FRANCO: I think one of them would be the approach of the fantasy. The Disney fantasy, you would automatically hear like certain strings and tinkly, high-pitched instruments. And then with Latin American magical realism, the sounds and textures are different because there’s more indigenous influence in it as well as the mix of the Afro-Colombian because we got the three cultures, we have the European, then we have the indigenous, and then we have the African elements. So, every Latin American country has their own cultural sound and so magical realism as a whole in Latin America is a different approach.

I also think there’s a difference in the supernatural, in that people really do believe that. It’s not like, “oh now we’re putting on a Disney movie and we’re going into the fantasy world.” For people in Latin America, that is part of their daily lives and there’s ceremonies and spiritual connections that are not considered fantasy, but part of the world.
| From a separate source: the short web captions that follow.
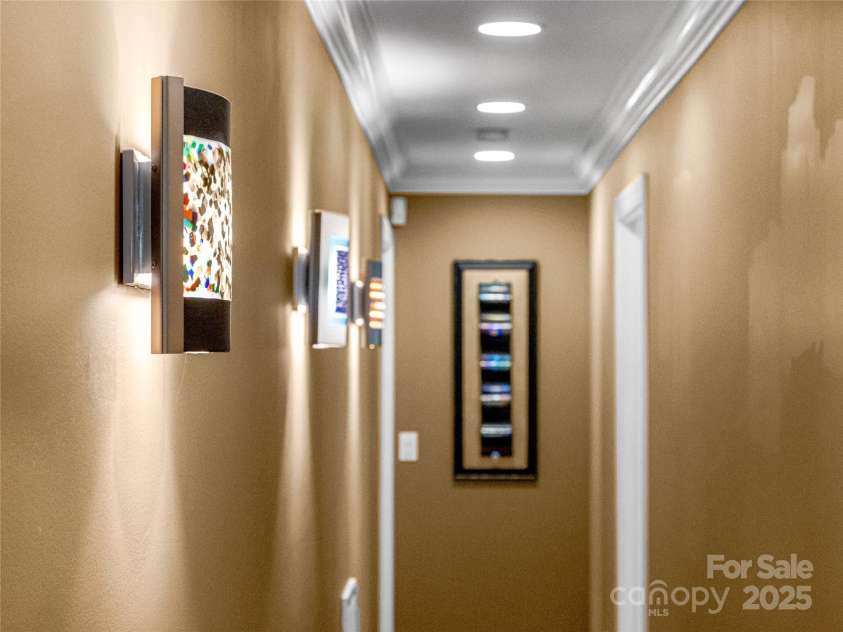 74 Solar Lane, Hendersonville, NC 28739.  MLS# CAR4250537, YatesRealty ID 14610. 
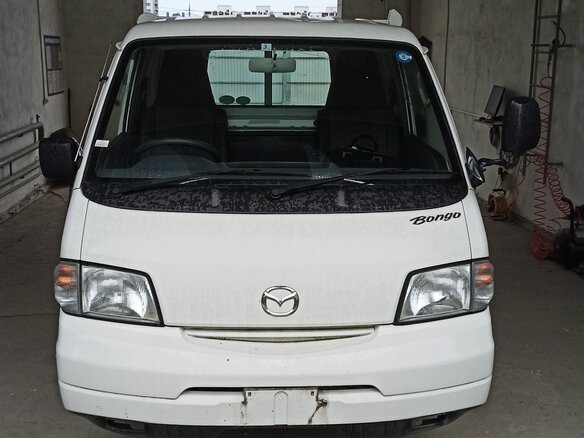 2018 Mazda Bongo, белый, 2400000 рублей - вид 1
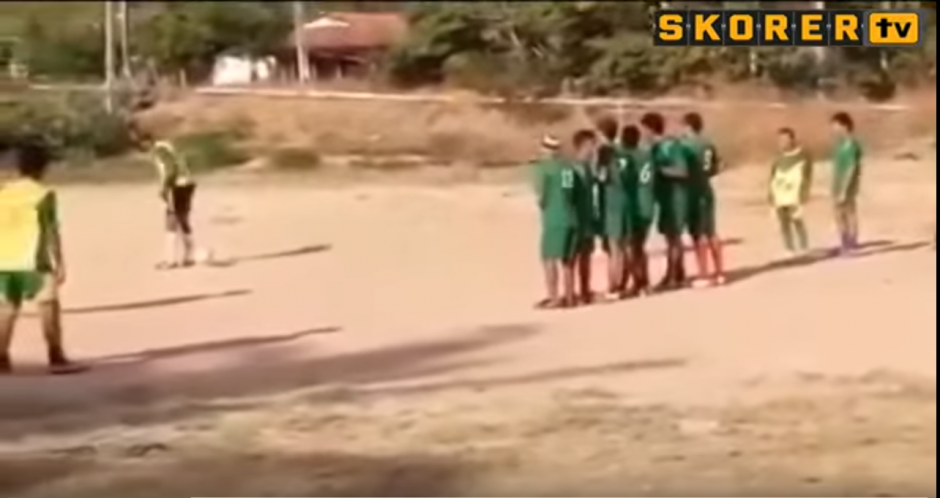 Esta magistral jugada no tiene nada que envidiarle a Cristiano Ronaldo o Lionel Messi por su fantástica ejecución. (Captura YouTube)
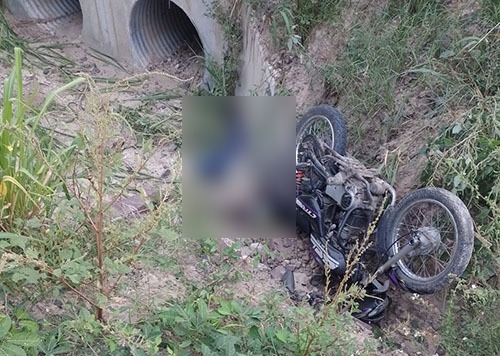 El cuerpo sin vida de José Gregorio Hernández Santoyo quedó en una cuneta ubicada a un lado de la Troncal de Oriente.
If you go look at the different native tribes, to them it’s not a fantasy it’s part of their culture and connection with that world.

I think it’s those two things, I mean that’s only my personal perception. I can’t really speak for everyone in Colombia, but I had to come up with my approach because I couldn’t go there. I had to use my past experiences, which includes my native Mexican heritage and I love Gabriel García Márquez and Isabel Allende, all of the Latin American writers and I feel so inspired by them. So, I just wanted to come up with my take on it. My take on the sound of magical realism.